Under an omnibus energy and jobs bill that was signed into law on May 31 utilities must assess how energy storage could meet generation and capacity needs as well as provide ancillary services.
The bill includes several additional provisions aimed at jump starting energy storage in the state.
When seeking to build power plants or power lines, utilities must show that energy storage cannot more cost effectively meet customer demand.
Also, the legislation requires utilities to propose at least one energy storage system before 2021. Among other things, the utilities must describe how the proposed energy storage resource will meet its needs and what services it will provide.
The new law also allows utilities to ask the Minnesota Public Utilities Commission to approve cost recovery for energy storage pilot programs.
The bill requires the Minnesota Department of Commerce to hire a consultant to analyze the costs and benefits of energy storage, with a report due to the Legislature by the end of this year.
The bill also directs the department to develop benchmarks and strategies to “significantly” accelerate cuts in greenhouse gas emissions in the state by 2030. As part of the effort, the department must consider incentives for energy storage to help integrate wind and solar on the state’s grid. A report of the initiative must be delivered to the Legislature before December.
Generally, Minnesota’s utilities have used natural gas-fired combustion turbines to meet peak demand, but as energy storage becomes more cost-effective, it will compete with and displace new gas-fired peaking units, according to a 2017 report prepared by the University of Minnesota’s Energy Transition Lab, Strategen Consulting and Vibrant Clean Energy.

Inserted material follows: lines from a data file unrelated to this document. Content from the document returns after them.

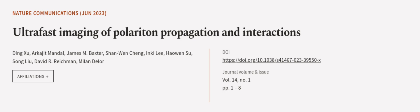This article was authored by Ding Shu, Akajit Mundal, James M. Baxter, and others.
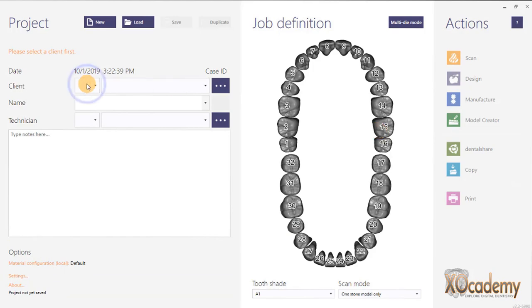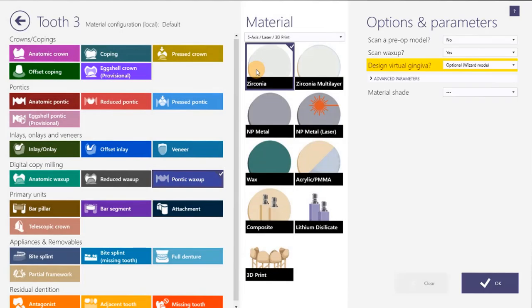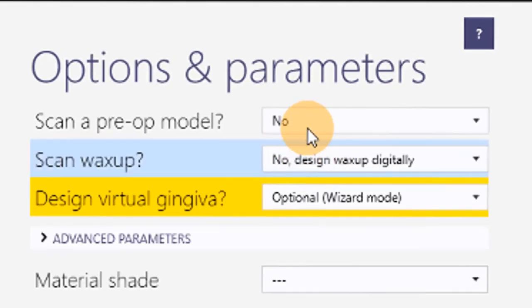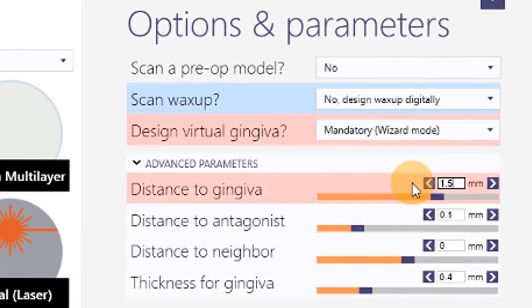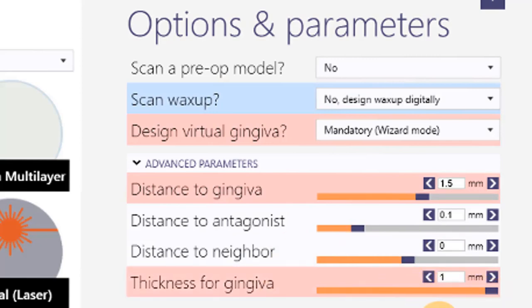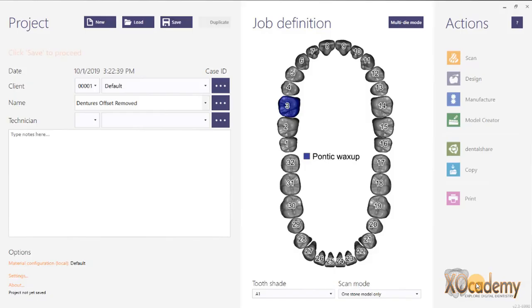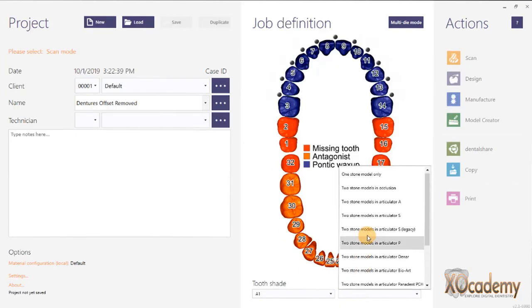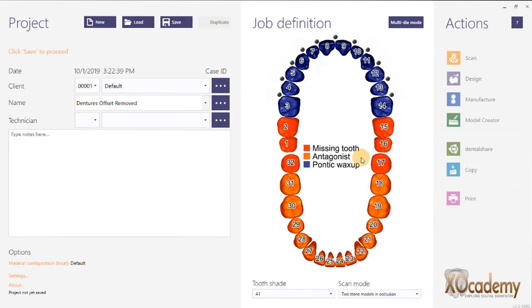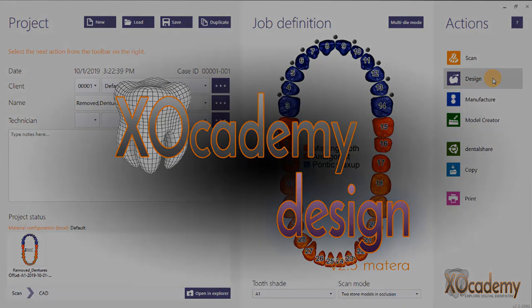In the beginning of this course I talked about how you define your job when you first open XOcad. For this case we designed it as Pontic and we didn't scan any wax up. We also review the other settings like distance to gingiva, distance to antagonist, distance to neighbors, and the thickness for your gingiva and how that's going to affect our final printed denture design. I also gave some tips and hotkeys on how you can quickly define a job, defining all of the teeth in an arch really quickly, so it should only take you a minute or two.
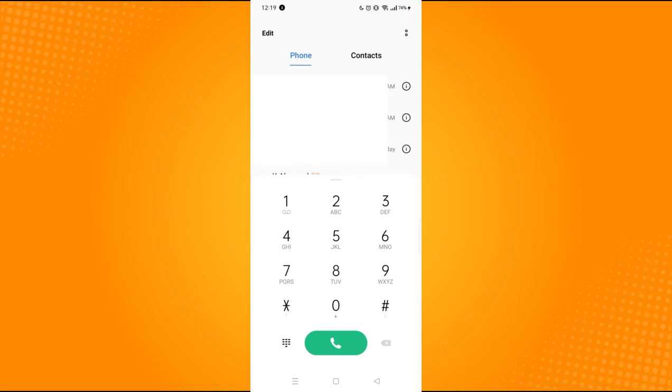That is how you check voicemail on Android. That concludes this tutorial. I hope you find this useful. If you did, please like the video and subscribe to the YouTube channel. Please leave any questions you may have in the comment section and have a great day.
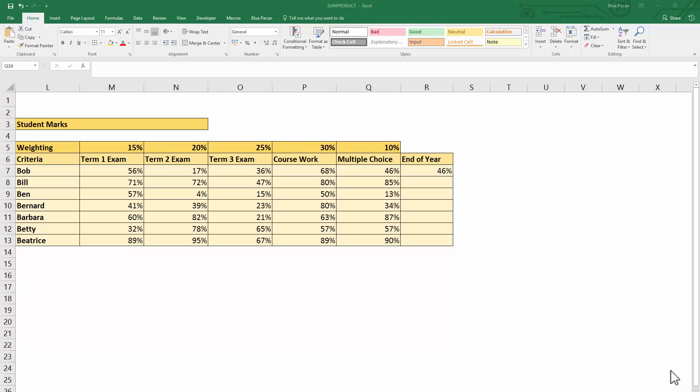Hi there, in this video we're going to look at performing weighted average calculations in Excel. Here's my scenario: I've got students and the percentage marks they've achieved for five exams within a single academic year.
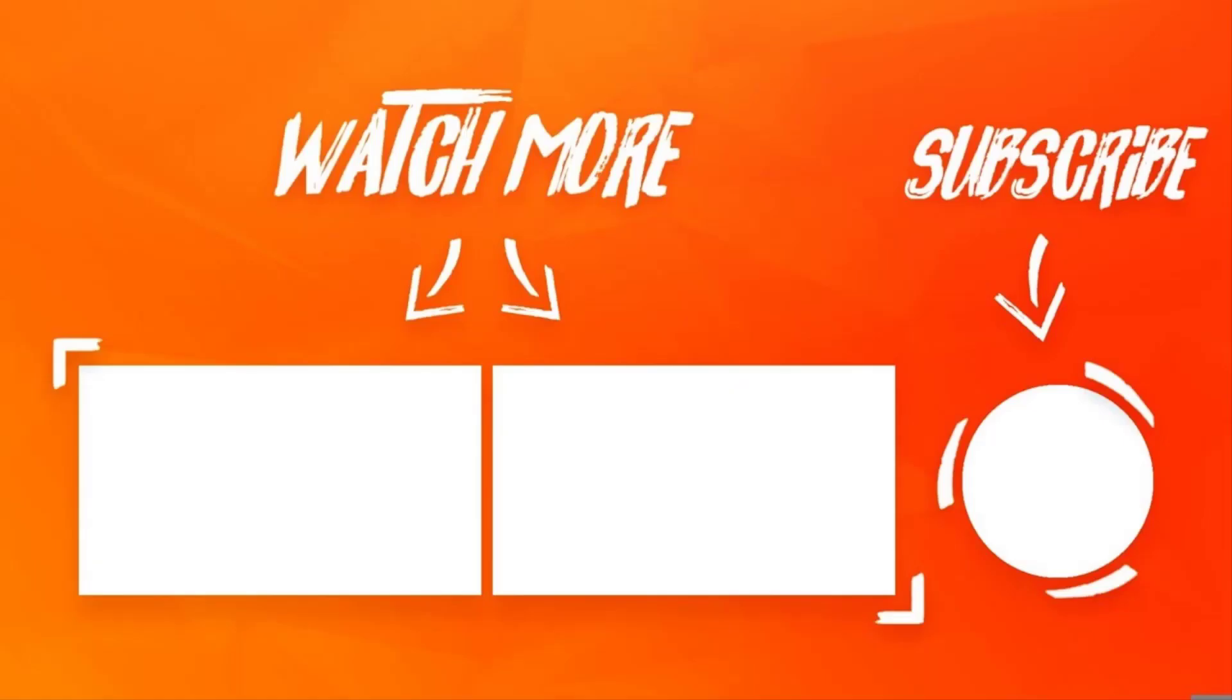This is it guys. So all the links used will be in the description box. Click the like button. Subscribe with notifications on. And share this video with your friends. Peace out.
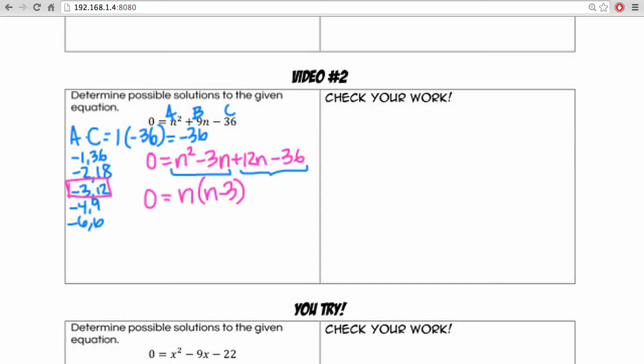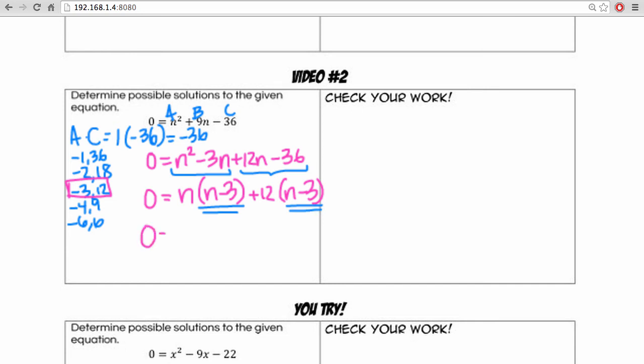And 12 and negative 36, they're both divisible by 12. So we can factor out a 12. And we'll have n minus 3 as what's left over. And you'll notice that we have n minus 3 as a factor for both terms. So when we factor, we'll have n minus 3 and n plus 12 as our other factor.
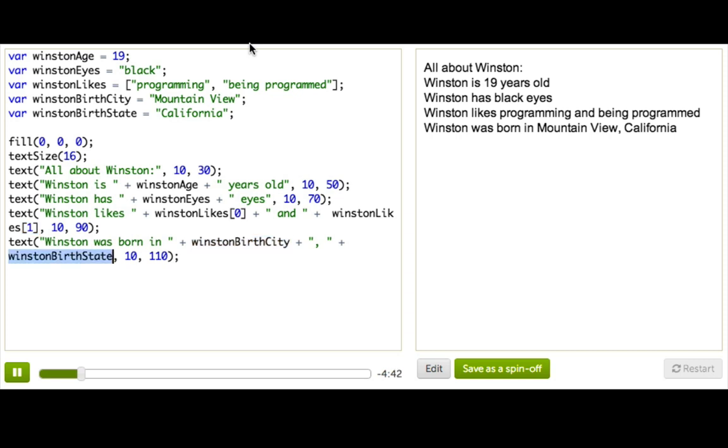Now, all five of these variables are describing information about the same thing, Winston. But the variables don't know that they're about the same thing.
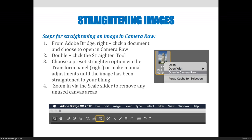The steps for straightening an image in Camera Raw are: from Adobe Bridge, right-click a document and choose to open it in Camera Raw. You need to double-click the straighten tool and choose a preset to straighten option via the transform panel on the right-hand side, or you can make adjustments manually. Once you're done, the automatic procedure might cause gaps in the image area, so use the zoom tool to zoom in so your artwork fills the entire rectangle and doesn't leave holes in the background.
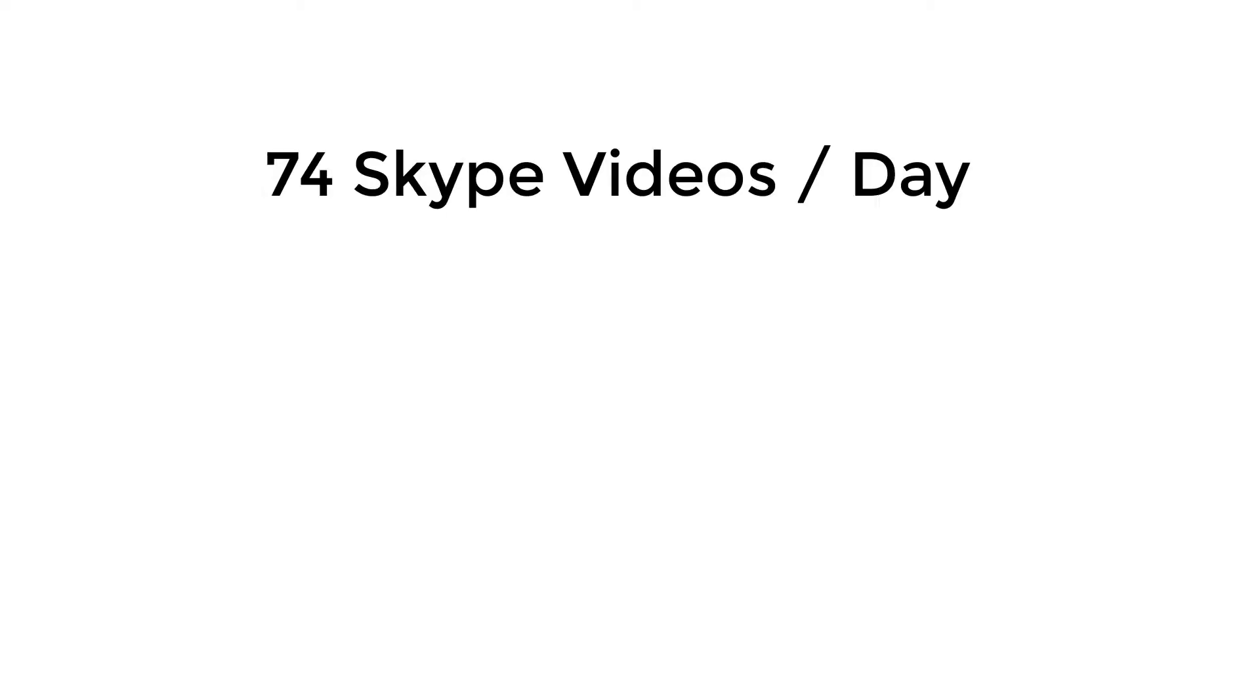I have 250 users in my office environment and they all run Skype for Business. Over the 180-day period previous to this video, the peak usage was 74 in a given day. That's 74 video calls in an eight-hour period, so that would be no more than 10 on average at any given hour.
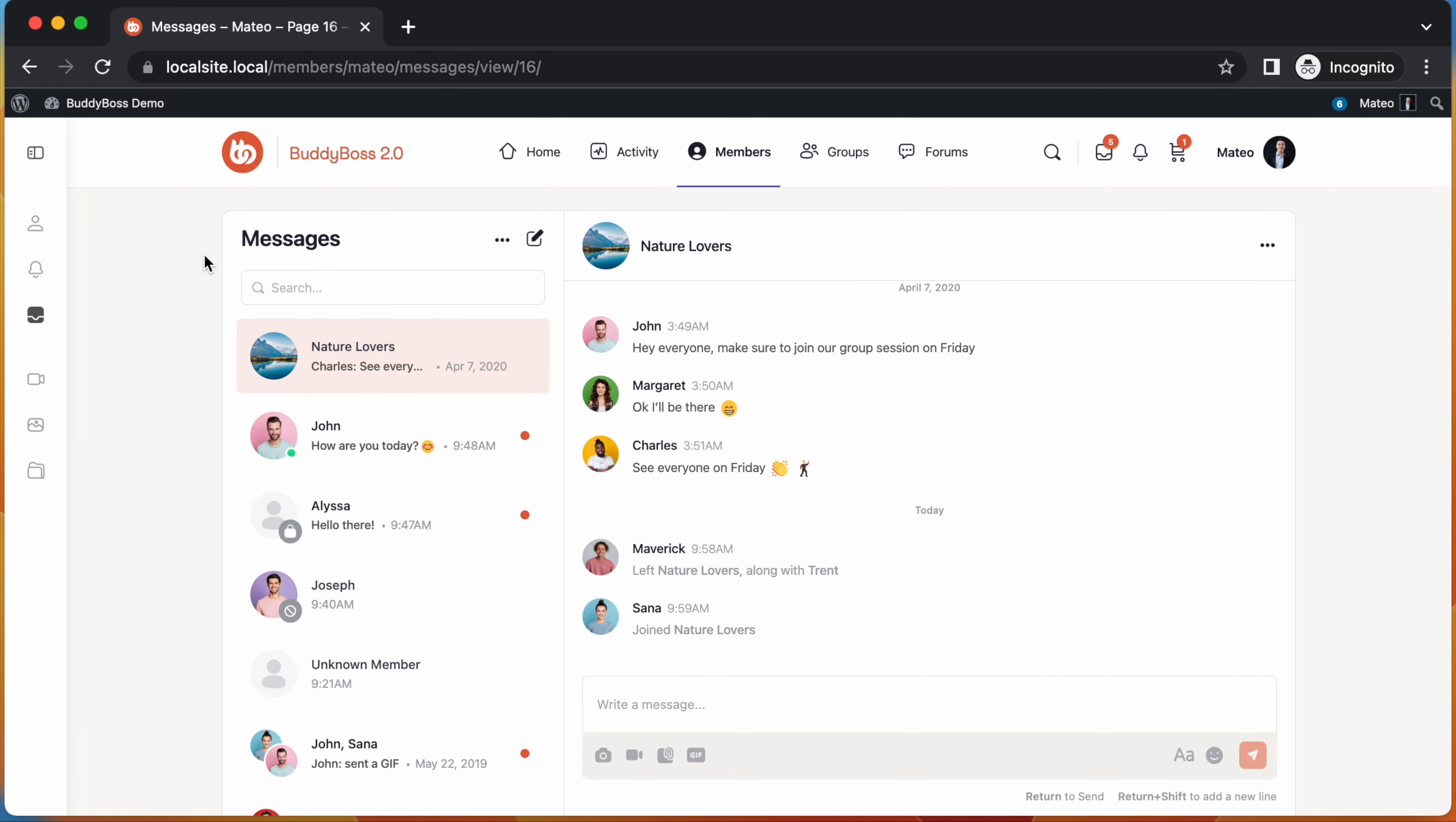We've started to improve the logic on how we handle deleted and blocked users, and this will now begin showing up in your private messages, and we'll be expanding this logic across the entire platform in the future. Within your private messages, you can now see different profile statuses located by the user's avatar.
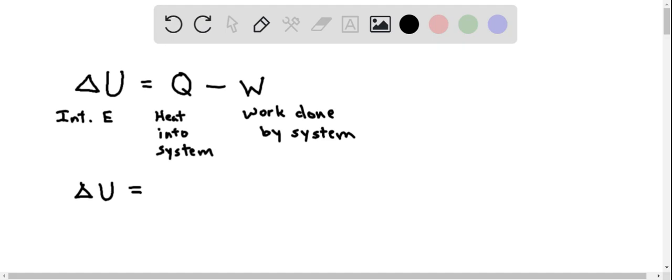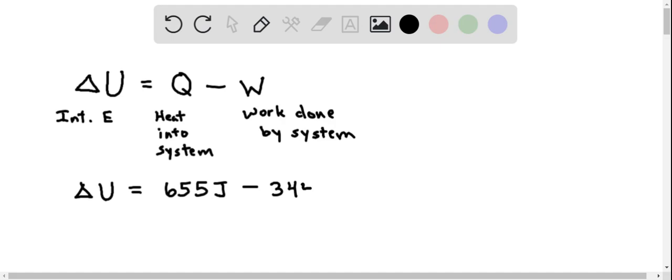The heat that went into the system is 655 joules, and the work that was done by the system was 344 joules.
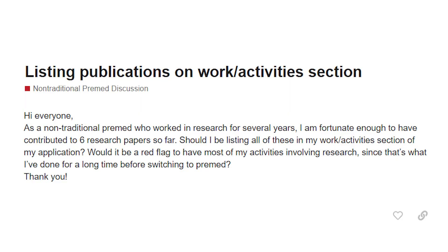Our question today from the non-traditional pre-med discussion over at premedforms.com is about activities, and it's about listing publications in the activities section. Our student asks: as a non-traditional pre-med who worked in research for several years, I am fortunate enough to have contributed to six research papers so far. Should I be listing all of these in my work activity section of my application? Would it be a red flag to have most of my activities involving research since that's what I've done for a long time before switching to pre-med?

Energy storage was more cost-effective than natural gas-fired peakers at meeting Minnesota’s capacity needs after 2022, according to analysis in the report.
Also, solar combined with storage was found to be more cost-effective than a peaking plant in 2017, mainly because of the federal investment tax credit and environmental benefits such as reduced greenhouse gas emissions, the report said.
Northern States Power, an Xcel Energy utility, is the only utility so far to file an integrated resource plan since the law was enacted.
Given its excess capacity position through the mid-2020s, energy storage is unlikely to be cost-effective in the near term, according to the utility.
However, NSP expects to need about 1,700 MW of firm dispatchable, load supporting resources starting in 2031. “With the expected price declines and technology development, between now and the 2030s, we fully expect utility-scale storage will be an integral resource used to meet this need,” NSP said in its July 1 filing with the PUC.
Noting that battery costs are falling and expected to decline further, the utility said it is evaluating the possibility of using energy storage resources to meet distribution system needs.
NPS noted energy storage has challenges, including the fact it cannot handle wide seasonal variation in renewable energy generation. Even so, NPS said it is “bullish” on storage, which the utility sees as having four main values: renewable integration, grid support, deferred investment and power quality.
Minnesota is part of the Midcontinent Independent System Operator, which, like other regional transmission organizations, is developing rules to allow energy storage participate in its markets.
Storage as a replacement for peakers getting a closer look
The idea that storage could increasingly replace peaking capacity is also cropping up in other states.
For example, a recent report from the New York Department of Public Service said that energy storage could replace as much as 500 MW of peaking capacity in New York.
The report, issued July 1, conducted a unit-by-unit analysis of the operational and emissions data of about 4,500 MW of peaking power plants across the state, but “almost entirely” concentrated in New York City, Long Island and in the Lower Hudson Valley. The analysis used data from 2013 because it was the peak demand year for the New York Independent System Operator.
A study released by the National Renewable Energy Laboratory in June found that a “substantial portion” of peaking capacity in the United States could be replaced by energy storage facilities.
The capacity of the national peaking power fleet is about 261 GW and about 150 GW of that capacity is likely to retire over the next 20 years, NREL estimated. That could lead to the potential for about 28 GW of 4-hour battery storage that could serve as peaking capacity, NREL said.